For someone who says they wished they were born somewhere else, it makes sense that Nuseir settled in the UAE. He says that the country feels apolitical, in a good way. That the people there are working to build something, ‘ a new Europe’ with an energy and a futuristic vision that isn’t stuck dwelling on an often fractious past. To some, the emirates symbolise the way that money sands off the rough edges of political differences, that when everyone lives in the same glass towers in the sky, it doesn’t matter where they came from. And that’s certainly true for the growing population of Israelis that live and holiday on that side of the gulf.

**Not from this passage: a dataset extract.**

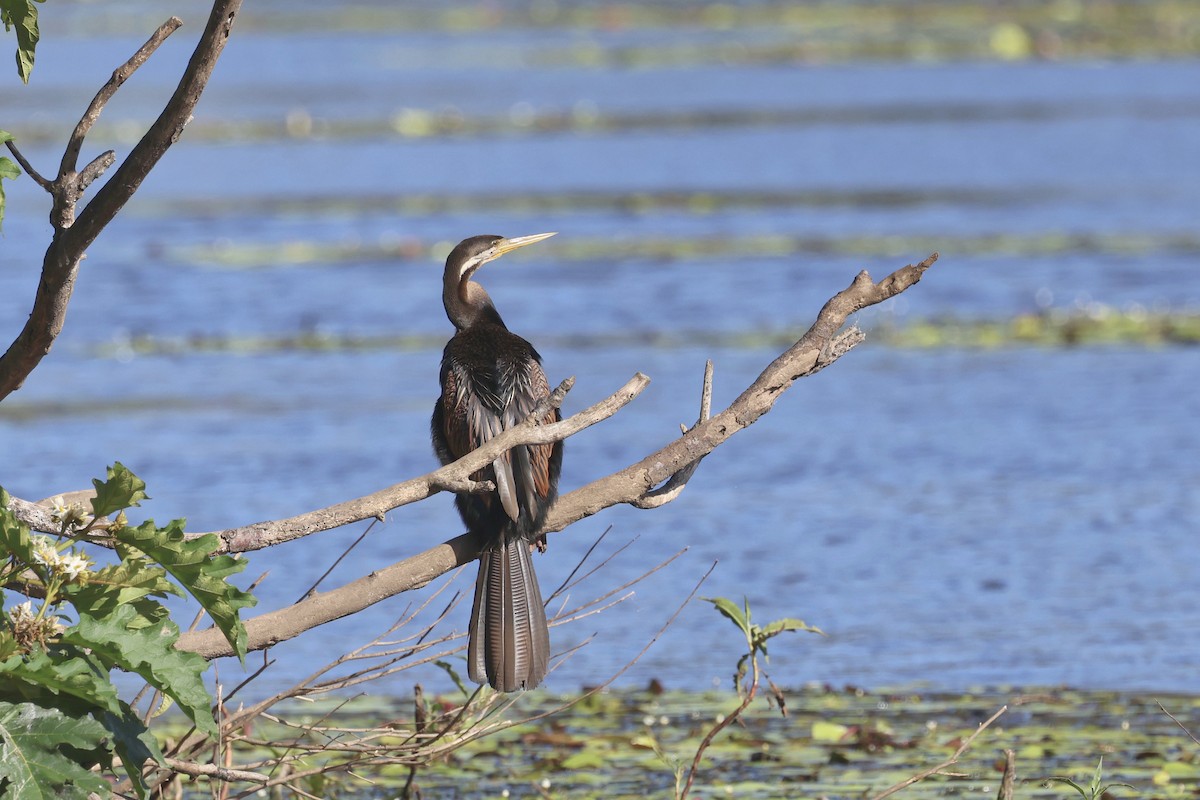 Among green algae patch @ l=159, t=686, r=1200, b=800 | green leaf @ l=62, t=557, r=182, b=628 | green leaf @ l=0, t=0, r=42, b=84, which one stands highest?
green leaf @ l=0, t=0, r=42, b=84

He says he wants to be in the “next Europe”, a home for growth and technological advancement only seen in Asia. But he also says the government has welcomed him: “The government really gave us the red carpet treatment, and there's economic opportunities. It's a business-friendly environment and everybody has energy. And that's what I love about it. Everyone is building something here."

In that respect, Nuseir is just another economic migrant, choosing palatable apolitics over a divided homeland. But it would be unfair to say he doesn’t care. He speaks fondly of Israel and embraces its right to not just exist, but flourish. He’s a proud Israeli, with Israeli investors and Israeli business partners.

But there's a reason he left. Nuseir says that unless you speak native-level Hebrew or English, you'll never quite fit in in the Israeli tech scene. "It took me a Harvard degree and a million followers to get attention there, and it was only because I spoke English. For Israelis the ultimate goal is America, but for Arabs, our America is Dubai."